The letter-complaint said 12 of the 14 quarrying sites in the town were “illegally operated,” and that the illicit activities continued despite several notices of violations served by the DENR Region V office to the operators.

The complainants accused Mabulo et. al. of violating the provision on “theft of minerals” of RA 7942 or the Philippine Mining Act of 1995, for the extraction of minerals in San Fernando without any mining agreement, lease, permit or license issued by the DENR-MGB.

They also charged the respondents with gross neglect of duty, grave misconduct and conduct prejudicial to the best interest of the service for their failure to act on the illegal quarrying in their respective areas of jurisdiction.

The complainants accused Mabulo of violating Republic Act 3019 or the Anti-Graft and Corrupt Practices Act and of illegally using public property (technical malversation) under the Revised Penal Code for the apparent use in illegal quarrying of a government truck – a Foton dump truck with conduction sticker GC 2412 — earlier issued to the municipal government for its official use.
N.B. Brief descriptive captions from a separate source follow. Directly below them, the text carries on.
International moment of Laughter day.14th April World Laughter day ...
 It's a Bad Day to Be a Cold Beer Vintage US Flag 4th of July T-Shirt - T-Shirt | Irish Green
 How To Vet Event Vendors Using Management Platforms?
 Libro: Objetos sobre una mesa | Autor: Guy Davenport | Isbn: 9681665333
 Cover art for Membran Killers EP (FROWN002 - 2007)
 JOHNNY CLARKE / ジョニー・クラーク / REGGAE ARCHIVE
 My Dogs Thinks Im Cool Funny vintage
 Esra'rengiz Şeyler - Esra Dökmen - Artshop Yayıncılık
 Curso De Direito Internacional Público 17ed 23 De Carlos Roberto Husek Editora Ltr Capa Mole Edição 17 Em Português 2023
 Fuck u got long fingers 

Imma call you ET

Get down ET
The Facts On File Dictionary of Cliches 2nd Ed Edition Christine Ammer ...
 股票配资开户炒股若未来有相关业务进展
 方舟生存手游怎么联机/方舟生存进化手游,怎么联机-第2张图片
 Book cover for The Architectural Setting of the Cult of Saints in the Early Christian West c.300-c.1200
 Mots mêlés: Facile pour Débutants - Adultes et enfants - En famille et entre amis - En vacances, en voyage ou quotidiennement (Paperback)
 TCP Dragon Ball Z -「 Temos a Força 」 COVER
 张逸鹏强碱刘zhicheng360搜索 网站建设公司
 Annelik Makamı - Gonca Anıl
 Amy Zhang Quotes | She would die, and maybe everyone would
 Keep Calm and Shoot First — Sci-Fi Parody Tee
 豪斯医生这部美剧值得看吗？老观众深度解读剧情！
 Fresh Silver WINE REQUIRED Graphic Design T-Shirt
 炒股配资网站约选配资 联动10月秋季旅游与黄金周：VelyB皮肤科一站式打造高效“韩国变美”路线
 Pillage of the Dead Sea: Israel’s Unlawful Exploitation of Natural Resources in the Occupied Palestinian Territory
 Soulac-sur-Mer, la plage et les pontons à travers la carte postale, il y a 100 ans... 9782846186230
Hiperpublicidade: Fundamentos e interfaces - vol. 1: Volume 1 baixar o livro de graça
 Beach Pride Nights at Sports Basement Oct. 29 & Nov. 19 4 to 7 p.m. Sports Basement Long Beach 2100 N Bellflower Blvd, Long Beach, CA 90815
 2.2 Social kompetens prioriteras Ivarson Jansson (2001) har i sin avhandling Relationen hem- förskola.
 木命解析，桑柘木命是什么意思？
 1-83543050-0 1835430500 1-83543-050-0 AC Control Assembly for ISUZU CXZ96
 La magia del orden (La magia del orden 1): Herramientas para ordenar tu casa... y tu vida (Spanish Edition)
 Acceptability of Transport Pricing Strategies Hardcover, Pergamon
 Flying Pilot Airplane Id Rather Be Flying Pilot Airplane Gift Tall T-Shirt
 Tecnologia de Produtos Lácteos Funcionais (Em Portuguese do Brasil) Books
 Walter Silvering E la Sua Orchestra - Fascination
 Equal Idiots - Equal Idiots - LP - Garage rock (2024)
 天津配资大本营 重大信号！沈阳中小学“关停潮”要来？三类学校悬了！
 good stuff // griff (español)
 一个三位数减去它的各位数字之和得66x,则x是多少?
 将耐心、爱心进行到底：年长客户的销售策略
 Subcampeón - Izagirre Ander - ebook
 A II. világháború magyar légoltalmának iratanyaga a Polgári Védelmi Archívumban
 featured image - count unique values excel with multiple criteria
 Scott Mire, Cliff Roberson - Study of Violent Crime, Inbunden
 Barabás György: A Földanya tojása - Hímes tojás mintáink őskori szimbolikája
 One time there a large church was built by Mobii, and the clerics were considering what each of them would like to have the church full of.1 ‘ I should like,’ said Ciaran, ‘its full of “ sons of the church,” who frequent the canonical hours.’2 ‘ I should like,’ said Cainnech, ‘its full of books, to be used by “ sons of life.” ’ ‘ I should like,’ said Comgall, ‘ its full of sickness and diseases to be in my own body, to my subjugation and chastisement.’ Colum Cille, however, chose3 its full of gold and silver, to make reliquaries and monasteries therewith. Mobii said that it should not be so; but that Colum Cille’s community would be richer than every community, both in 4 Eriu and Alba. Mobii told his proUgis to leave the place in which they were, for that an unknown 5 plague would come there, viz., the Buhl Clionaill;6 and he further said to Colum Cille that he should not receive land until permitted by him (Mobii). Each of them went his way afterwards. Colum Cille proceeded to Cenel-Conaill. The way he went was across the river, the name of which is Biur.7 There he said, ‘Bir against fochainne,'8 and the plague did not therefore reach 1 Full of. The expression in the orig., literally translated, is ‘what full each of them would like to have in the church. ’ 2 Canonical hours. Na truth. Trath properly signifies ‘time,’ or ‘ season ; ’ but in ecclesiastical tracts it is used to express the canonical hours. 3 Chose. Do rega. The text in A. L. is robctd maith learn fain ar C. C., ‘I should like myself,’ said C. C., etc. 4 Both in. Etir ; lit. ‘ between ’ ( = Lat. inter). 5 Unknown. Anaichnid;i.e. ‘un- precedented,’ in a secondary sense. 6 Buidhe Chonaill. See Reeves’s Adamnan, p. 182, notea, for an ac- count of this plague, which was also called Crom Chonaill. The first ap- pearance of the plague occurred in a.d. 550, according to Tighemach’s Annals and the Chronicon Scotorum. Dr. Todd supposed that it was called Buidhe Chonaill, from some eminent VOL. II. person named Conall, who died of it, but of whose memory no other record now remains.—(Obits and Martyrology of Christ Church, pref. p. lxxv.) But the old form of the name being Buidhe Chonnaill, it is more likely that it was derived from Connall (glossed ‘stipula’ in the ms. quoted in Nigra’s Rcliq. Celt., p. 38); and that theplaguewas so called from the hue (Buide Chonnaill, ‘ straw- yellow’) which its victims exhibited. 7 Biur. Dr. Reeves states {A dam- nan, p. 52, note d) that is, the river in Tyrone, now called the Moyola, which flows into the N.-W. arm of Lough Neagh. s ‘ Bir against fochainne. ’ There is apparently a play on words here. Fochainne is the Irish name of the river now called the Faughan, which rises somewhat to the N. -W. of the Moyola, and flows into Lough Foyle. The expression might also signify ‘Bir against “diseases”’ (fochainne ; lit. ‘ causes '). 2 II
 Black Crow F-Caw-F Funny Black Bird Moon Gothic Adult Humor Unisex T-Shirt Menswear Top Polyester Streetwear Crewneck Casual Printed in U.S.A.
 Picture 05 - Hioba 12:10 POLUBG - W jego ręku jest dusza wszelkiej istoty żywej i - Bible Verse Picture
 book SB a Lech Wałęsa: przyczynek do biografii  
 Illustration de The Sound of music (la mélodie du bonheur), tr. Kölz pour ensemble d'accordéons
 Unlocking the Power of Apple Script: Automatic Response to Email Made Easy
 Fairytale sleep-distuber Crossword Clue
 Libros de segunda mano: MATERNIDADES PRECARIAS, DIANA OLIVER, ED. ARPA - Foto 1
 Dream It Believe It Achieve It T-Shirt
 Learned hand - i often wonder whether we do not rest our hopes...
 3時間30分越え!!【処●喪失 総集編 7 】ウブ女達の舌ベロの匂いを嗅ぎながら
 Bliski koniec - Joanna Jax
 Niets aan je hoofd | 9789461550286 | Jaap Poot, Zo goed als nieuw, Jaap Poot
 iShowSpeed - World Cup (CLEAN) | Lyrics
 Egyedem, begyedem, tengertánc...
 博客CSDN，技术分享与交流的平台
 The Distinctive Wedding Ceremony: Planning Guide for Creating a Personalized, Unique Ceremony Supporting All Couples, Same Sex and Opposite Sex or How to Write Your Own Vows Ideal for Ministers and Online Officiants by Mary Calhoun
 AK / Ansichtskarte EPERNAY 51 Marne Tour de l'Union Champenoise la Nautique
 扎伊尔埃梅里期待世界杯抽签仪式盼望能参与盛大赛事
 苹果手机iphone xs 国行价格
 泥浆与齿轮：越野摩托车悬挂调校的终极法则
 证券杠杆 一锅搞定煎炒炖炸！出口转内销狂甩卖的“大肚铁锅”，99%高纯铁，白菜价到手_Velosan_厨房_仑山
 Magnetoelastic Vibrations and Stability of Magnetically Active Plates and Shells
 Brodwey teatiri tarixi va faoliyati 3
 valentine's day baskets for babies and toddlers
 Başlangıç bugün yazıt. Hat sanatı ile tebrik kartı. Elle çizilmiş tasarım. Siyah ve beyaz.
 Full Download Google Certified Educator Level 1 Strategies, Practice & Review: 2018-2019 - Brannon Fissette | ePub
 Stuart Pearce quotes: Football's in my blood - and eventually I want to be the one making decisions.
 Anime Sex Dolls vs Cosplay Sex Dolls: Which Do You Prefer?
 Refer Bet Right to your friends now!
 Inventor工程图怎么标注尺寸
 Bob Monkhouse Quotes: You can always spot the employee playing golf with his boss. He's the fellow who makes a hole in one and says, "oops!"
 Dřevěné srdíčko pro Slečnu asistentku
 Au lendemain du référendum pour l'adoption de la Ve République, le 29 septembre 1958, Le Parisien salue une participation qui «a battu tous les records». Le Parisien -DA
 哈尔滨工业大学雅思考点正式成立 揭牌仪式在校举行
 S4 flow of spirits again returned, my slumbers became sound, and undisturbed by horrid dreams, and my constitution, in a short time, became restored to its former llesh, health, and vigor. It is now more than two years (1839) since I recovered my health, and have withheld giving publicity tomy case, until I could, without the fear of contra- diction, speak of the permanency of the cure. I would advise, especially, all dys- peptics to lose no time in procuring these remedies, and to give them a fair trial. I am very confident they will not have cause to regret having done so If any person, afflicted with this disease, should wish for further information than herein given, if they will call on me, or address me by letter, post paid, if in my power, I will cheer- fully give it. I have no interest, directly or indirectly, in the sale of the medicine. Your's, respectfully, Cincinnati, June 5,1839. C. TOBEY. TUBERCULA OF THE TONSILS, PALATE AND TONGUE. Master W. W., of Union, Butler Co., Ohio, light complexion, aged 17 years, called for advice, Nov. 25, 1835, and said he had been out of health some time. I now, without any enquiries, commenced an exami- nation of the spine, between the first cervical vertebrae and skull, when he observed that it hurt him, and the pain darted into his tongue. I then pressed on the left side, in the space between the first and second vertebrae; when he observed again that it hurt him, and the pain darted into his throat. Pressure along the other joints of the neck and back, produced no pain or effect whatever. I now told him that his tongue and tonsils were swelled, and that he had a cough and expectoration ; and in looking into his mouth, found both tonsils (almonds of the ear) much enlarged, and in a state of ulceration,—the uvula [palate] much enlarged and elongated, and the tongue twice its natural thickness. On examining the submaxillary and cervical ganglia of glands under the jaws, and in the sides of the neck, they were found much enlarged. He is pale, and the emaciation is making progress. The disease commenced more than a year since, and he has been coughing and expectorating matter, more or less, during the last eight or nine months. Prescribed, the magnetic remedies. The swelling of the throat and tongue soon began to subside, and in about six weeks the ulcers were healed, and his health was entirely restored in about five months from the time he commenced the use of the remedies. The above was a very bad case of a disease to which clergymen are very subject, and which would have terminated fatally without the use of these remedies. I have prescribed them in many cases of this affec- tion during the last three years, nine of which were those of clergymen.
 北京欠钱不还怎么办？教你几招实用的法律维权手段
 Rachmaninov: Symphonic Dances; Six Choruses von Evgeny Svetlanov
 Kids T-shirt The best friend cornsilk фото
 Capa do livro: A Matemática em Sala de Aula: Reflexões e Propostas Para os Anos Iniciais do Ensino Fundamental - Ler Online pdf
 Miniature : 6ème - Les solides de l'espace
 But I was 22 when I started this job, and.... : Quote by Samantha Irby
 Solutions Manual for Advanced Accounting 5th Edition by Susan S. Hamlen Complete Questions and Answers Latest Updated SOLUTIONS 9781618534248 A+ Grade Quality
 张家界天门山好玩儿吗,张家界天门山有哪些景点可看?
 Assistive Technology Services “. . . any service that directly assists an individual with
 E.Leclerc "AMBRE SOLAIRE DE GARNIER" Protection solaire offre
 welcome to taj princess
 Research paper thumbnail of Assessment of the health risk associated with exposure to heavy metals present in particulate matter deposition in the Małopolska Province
The task force members charged respondents with violating Section 20 of CamSur’s Provincial Ordinance 30 series of 2014, as amended by PO 16 series of 2017, for the extraction of sand, gravel and other quarry resources without any permit issued by the Office of the Provincial Governor.

The three complainants said “grave injury” was done to the municipality, the province and the country in general because, in the absence of any authorization from the MGB to conduct quarrying in San Fernando, Mabulo did not pay the government an estimated P54.4 million in taxes due on P544.29 million worth of minerals believed to have been extracted by the mayor over the past several years.

The foregone revenue of about P54.4 million was based on the supposed taxes due the municipality equivalent to 10 percent of the fair market value per cubic meter of ordinary stones, sand, gravel, earth and other quarry resources extracted from public lands or from the beds of seas, lakes, rivers, streams, creeks, and other public waters within a particular territorial jurisdiction.

The computation of foregone revenue was based on a document issued by the Office of the Provincial Treasurer of Camarines Sur.

The complainants asserted their case against Mabulo et. al. stands on strong legal ground because the respondents are liable for complicity or inaction on the DENR-flagged illegal quarrying in San Fernando, based on the Supreme Court’s previous rulings.

The complainants are seeking the immediate suspension without pay of Mabulo and the five barangay chairmen, as they cited Section 9 Rule III of the Ombudsman rules, which states that, pending investigation, respondents may be suspended for six months without pay if the evidence against them is found to be strong, and if they are accused of grave misconduct or neglect in the performance of duty.

The task force enforcers backed their Sept. 8 joint affidavit-complaint with ample evidence – DENR and provincial government documents, minutes of Sanggunian sessions, photos of quarrying sites and seized trucks, and police blotter reports and video clips of apprehended truck drivers admitting to have received their quarrying instructions from Mayor Mabulo himself.